There's no 14B model on 3.5 series. Still hoping for 3.6-9B & 3.6-120B from Qwen soon or later.
I see many Distills(for Qwen3.5-9B) on HF. Dig deep there
https://huggingface.co/models?sort=trending&search=Qwen3.5-9B+Distill
Thigh_Clapper@reddit
Is omnicoder better than copaw/qwenpaw flash?
philmarcracken@reddit
just tried that omnicoder as a subagent, turboquant. Ran far better than expected...
charmander_cha@reddit
Quero a versão 3.6 para 9B
Seria incrível
QuchchenEbrithin2day@reddit (OP)
Sim, eu concordo
Risen_from_ash@reddit
Qwen 3.6 35b a3b will dogwalk the 9b and 14b models. Straight up. If you haven’t tried it, you don’t even know. I’m not trusting anything of mine with the 9b or 14b models.
akram200272002@reddit
Imagine, instead of the 3b active, it's 6b or 9b, with 4 or 8 experts ?
necrophagist087@reddit
Qwen3.6 35B3A(q4m) run 30tok/s on my laptop with rtx4070 8gb VRAM (32g ram) for simple tasks (like image recognition and captioning), it’s dumber than 27b dense but outperforms any lower weight models by miles.
sagiroth@reddit
There is no need for one if there is MOE
Organic_Scarcity_495@reddit
the 35B A3B MoE is already running on 6GB VRAM with q4_k_m and offloading, i'd be surprised if they bother with smaller distills. the MoE architecture is their answer to the vram problem — you get 35B parameter intelligence while only loading ~3B active per token.
brickout@reddit
The 35b a3b should run fine
ps5cfw@reddit
I would guess they simply don't make any sense in terms of performance compared to 35B (Which can at least run with CPU Offloading fairly speedily)

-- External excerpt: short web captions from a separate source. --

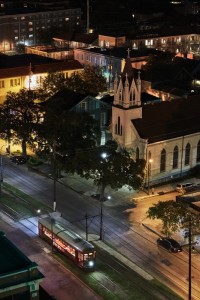 Trolly, church and surrounding areas near the Pontchartrain hotel at night.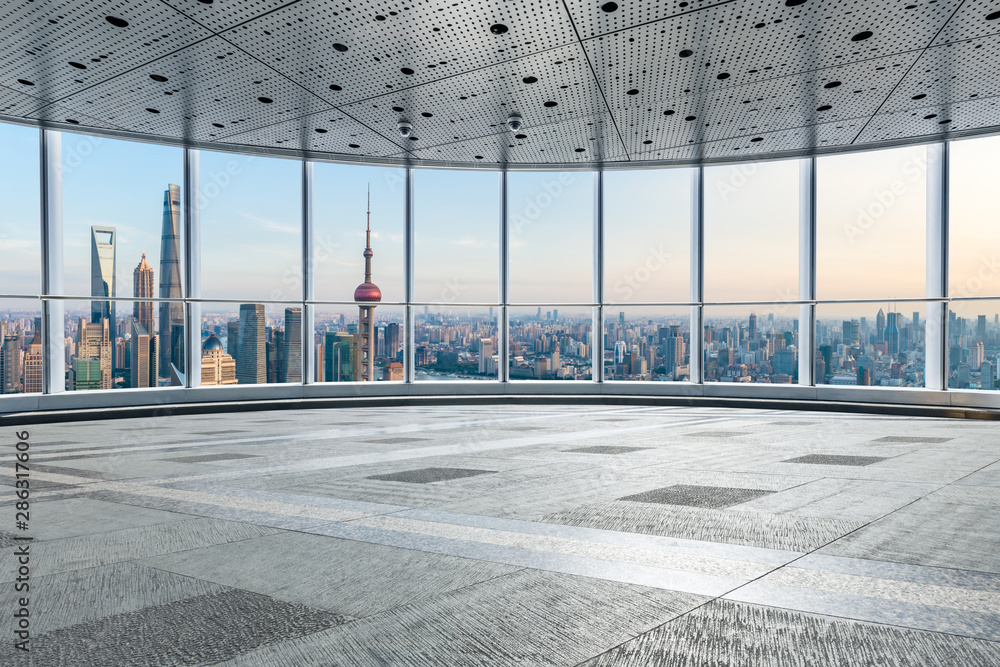 Empty floor and city skyline with buildings at sunset in Shanghai,China.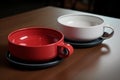 Set of two ceramic bowls on table. Red and white or cups. Generative AI Royalty Free Stock Photo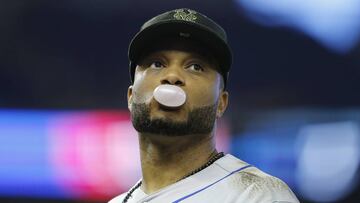 MIAMI, FLORIDA - MAY 18: Robinson Cano #24 of the New York Mets looks on during the game against the Miami Marlins at Marlins Park on May 18, 2019 in Miami, Florida.   Michael Reaves/Getty Images/AFP
 == FOR NEWSPAPERS, INTERNET, TELCOS &amp; TELEVISION USE ONLY ==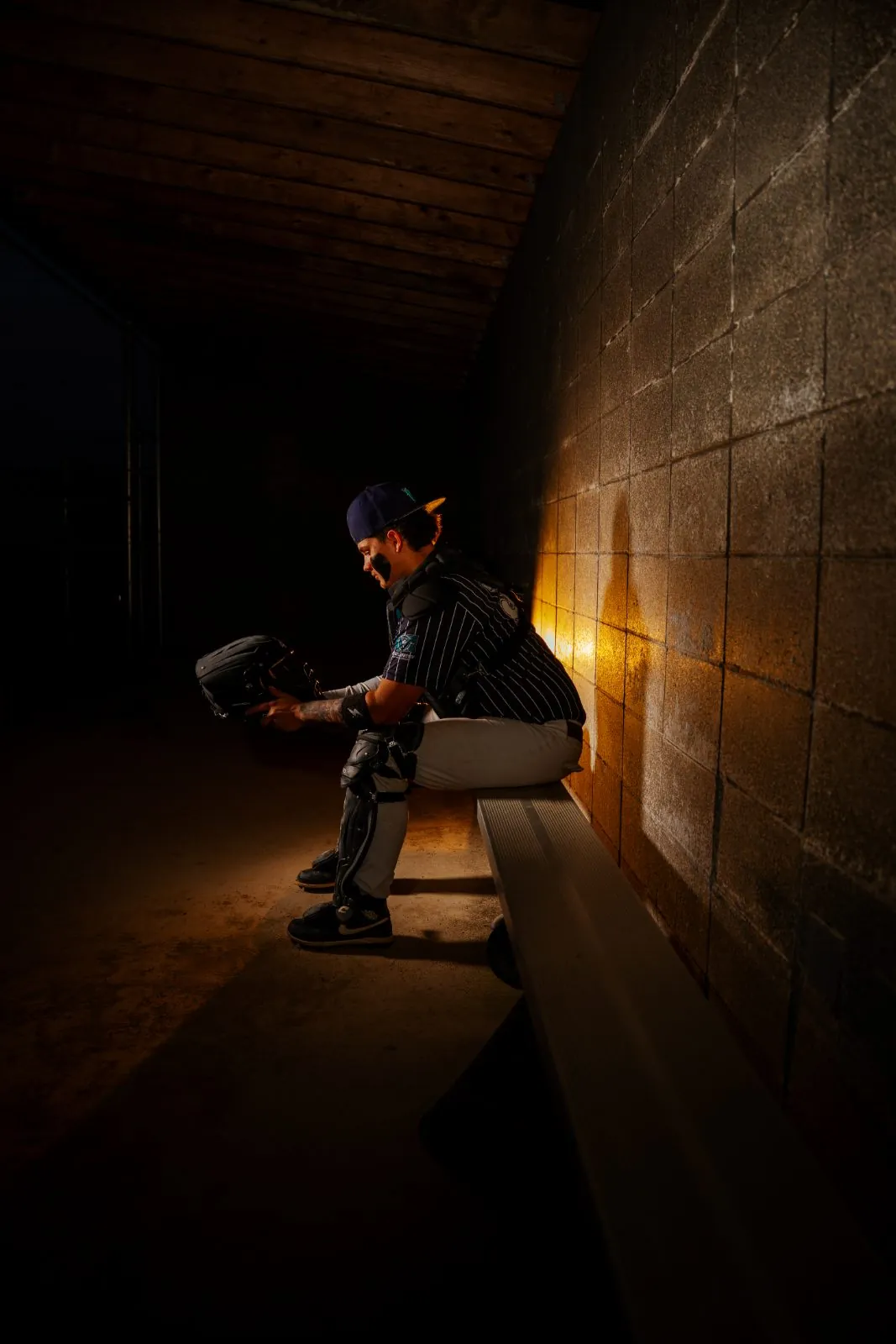 Team-color uniform photographed under stadium lights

QuchchenEbrithin2day@reddit (OP)
Sorry I missed this comment, but don't the 3B effective expert, have far weaker reasoning and world knowledge compared the 9B dense model ? Also, doesn't CPU offload slow it down significantly ?
ps5cfw@reddit
Yes and no, itàs not acting like a 3B model but it may lack some awareness of the 9B model in certain focused scenarios.
CPU Offload of a 35B MoE may still be significantly faster than a 9B Dense model in CPU Offload, so there's also that.